INSTRUCTIONS TO FOLLOW: Restate all of the records below exactly. Do not carry over any image.

Captioned web image data
━━━━━━━━━━━━━━━━━━━━

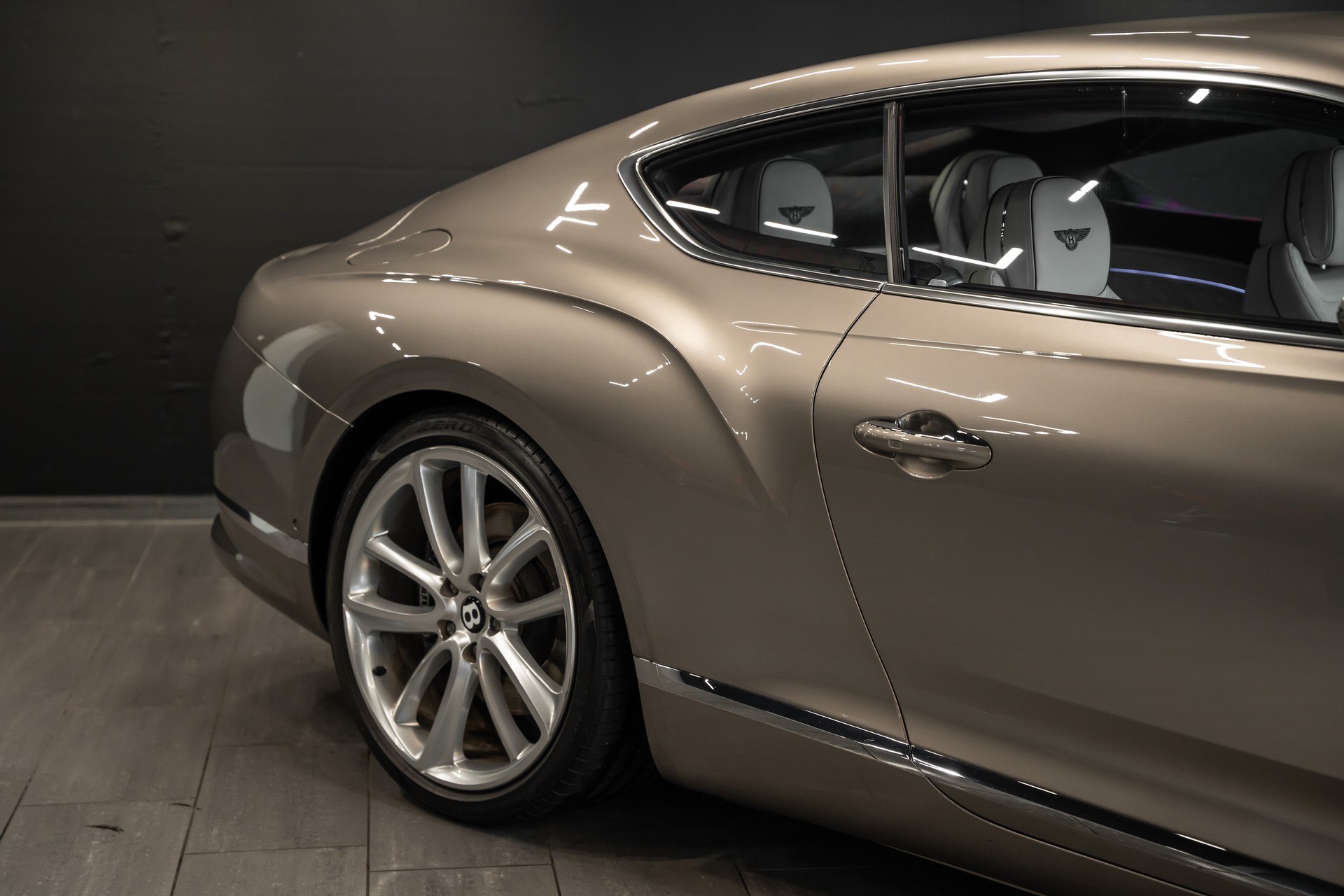 BENTLEY Continental GT 4.0 V8 / CH Auto / Werksgarantie / 8 Fach / Traum Konfiguration /-image-2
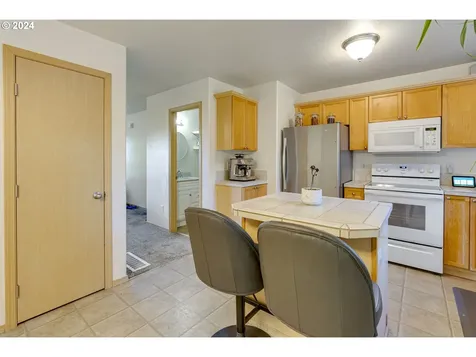 1454 Sw Binford Lake Parkway Gresham OR 97080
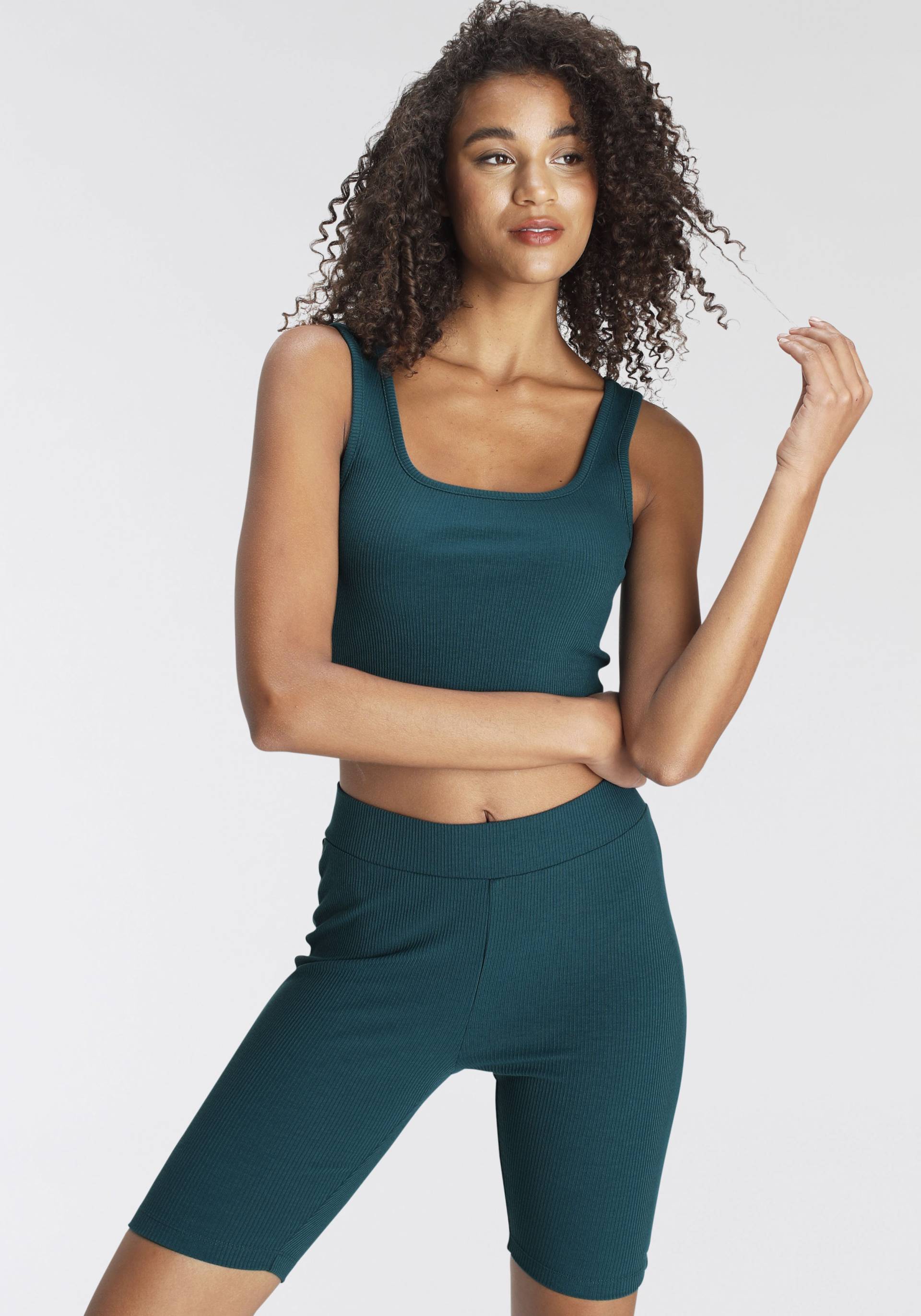 LASCANA Shorty, bestehend aus Top und Shorts aus Rippmaterial, Homewear-Set LASCANA Shorty, bestehend aus Top und Shorts aus Rippmaterial, Homewear-Set von LASCANA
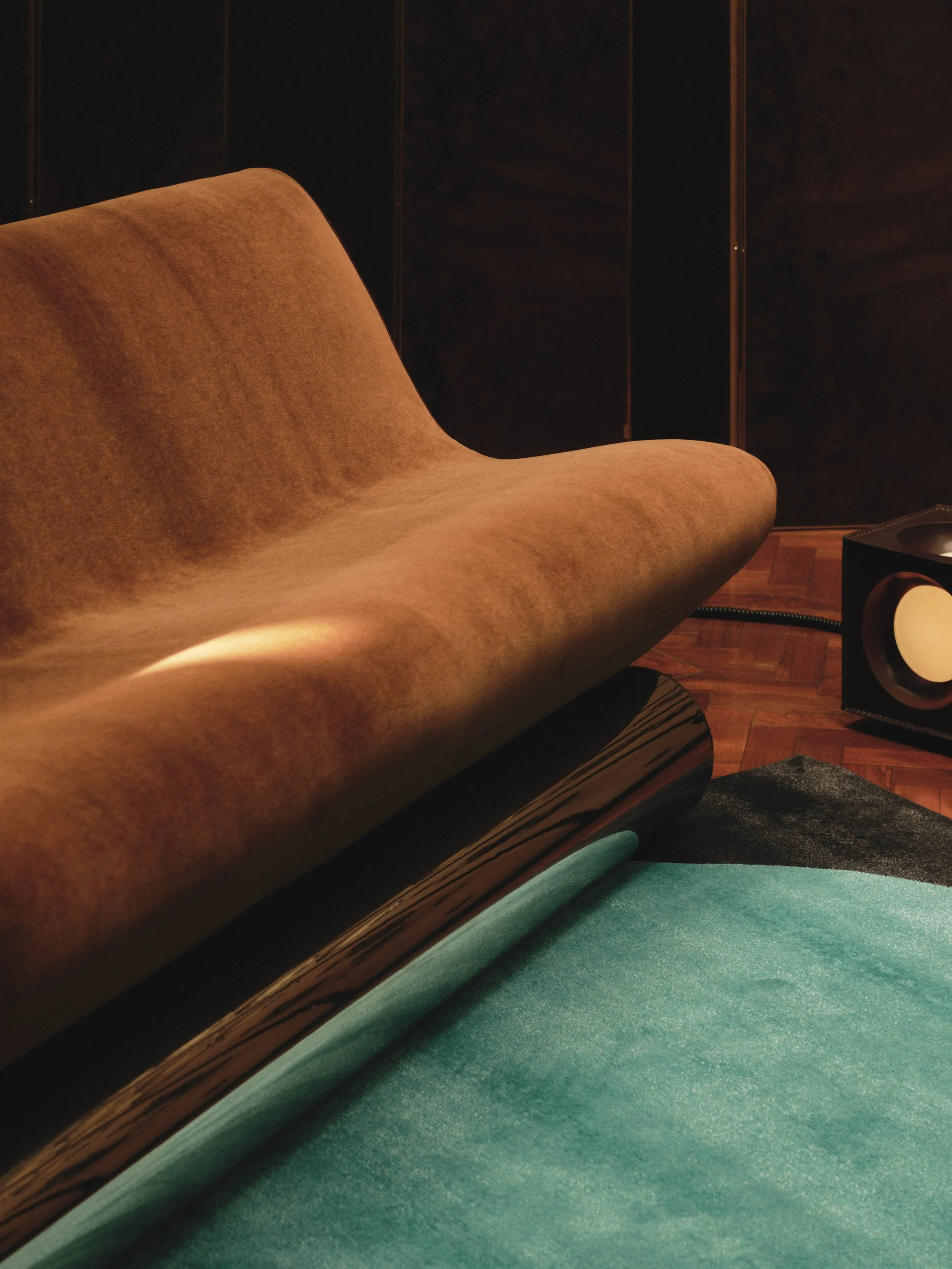 Studio_Brocky_Vanguard_Sofa_Brown_Velvet_02.jpg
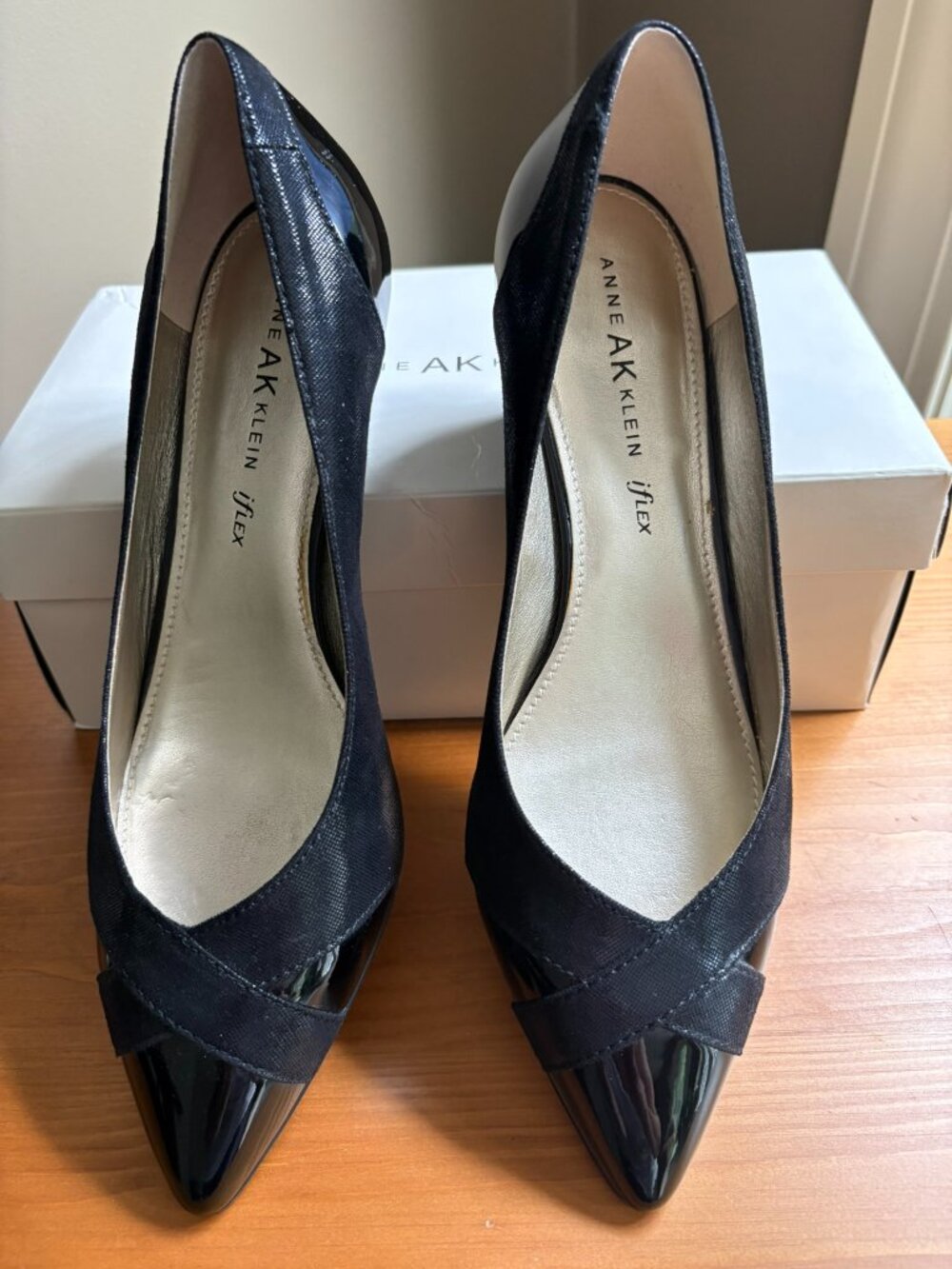 Anne Klein Kitten Heals - Size 10M - New in Box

━━━━━━━━━━━━━━━━━━━━

EXERCISE RESULT:
 BENTLEY Continental GT 4.0 V8 / CH Auto / Werksgarantie / 8 Fach / Traum Konfiguration /-image-2
 1454 Sw Binford Lake Parkway Gresham OR 97080
 LASCANA Shorty, bestehend aus Top und Shorts aus Rippmaterial, Homewear-Set LASCANA Shorty, bestehend aus Top und Shorts aus Rippmaterial, Homewear-Set von LASCANA
 Studio_Brocky_Vanguard_Sofa_Brown_Velvet_02.jpg
 Anne Klein Kitten Heals - Size 10M - New in Box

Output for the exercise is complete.